The Wand????

This sounds familiar but my search didn’t find prior discussion. What do we know about this thing?

Interesting - it implies it’ll stop hangovers.

There are a million doctor Berzerkers but I’m gonna say that sulfites in wine are basically not the reason we get hangovers. Excess trips to the toilet, exothermic reaction of alcohol processing makes us hot, and esters/tannins lead to headaches/poor sleep/dehydration.

This stick ain’t gonna do it, unless you have a severe sensitivity to sulfites I guess.

They cost about $3 for a single use wand, which is only for use in one 6oz glass of wine.

Hangovers are mostly caused by the 3rd form alcohol takes once we filter it… essentially poison…

And this makes the wine taste awful, to me, completely undrinkable… and I have been asked, and did so, to try this at least 5 times.

How disappointing. I thought this thread was about a sex toy… :astonished: :slight_smile: :stuck_out_tongue:

Suckers are born every minute

I actually think it sounds pretty interesting. According to the info, it removes both sulfites and histamines - and I would say that the latter are what causes most headaches in folks that experience them fairly quickly with wine.
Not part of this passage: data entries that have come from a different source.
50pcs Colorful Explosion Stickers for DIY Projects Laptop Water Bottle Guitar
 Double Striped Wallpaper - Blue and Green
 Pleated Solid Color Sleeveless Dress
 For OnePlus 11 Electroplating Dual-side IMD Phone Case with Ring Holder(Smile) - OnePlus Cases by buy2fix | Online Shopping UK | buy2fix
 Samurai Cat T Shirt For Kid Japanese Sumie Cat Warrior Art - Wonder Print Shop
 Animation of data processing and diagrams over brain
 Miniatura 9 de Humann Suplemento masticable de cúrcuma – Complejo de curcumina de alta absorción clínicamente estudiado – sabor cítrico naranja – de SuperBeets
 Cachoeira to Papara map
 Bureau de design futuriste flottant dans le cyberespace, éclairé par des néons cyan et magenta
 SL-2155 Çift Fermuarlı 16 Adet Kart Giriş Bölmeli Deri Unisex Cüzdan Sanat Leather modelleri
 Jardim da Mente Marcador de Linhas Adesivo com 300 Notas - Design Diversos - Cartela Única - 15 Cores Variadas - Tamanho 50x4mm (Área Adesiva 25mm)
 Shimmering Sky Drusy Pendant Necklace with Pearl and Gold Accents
Blake, I’m curious - did it actually change the flavor of the wine by ‘adding’ something to it in that wand? If so, how did it change the taste?

The concept of a ‘nano-filter’ removing stuff from wine is certainly not new at all - how do you think all of those wineries remove excess VA from picking too ripe anyways?!?!

Cheers!

Swirl and soak at least 3 minutes, The Wand™ will work it’s magic

Does anyone know when not to use a f***ing apostrophe anymore?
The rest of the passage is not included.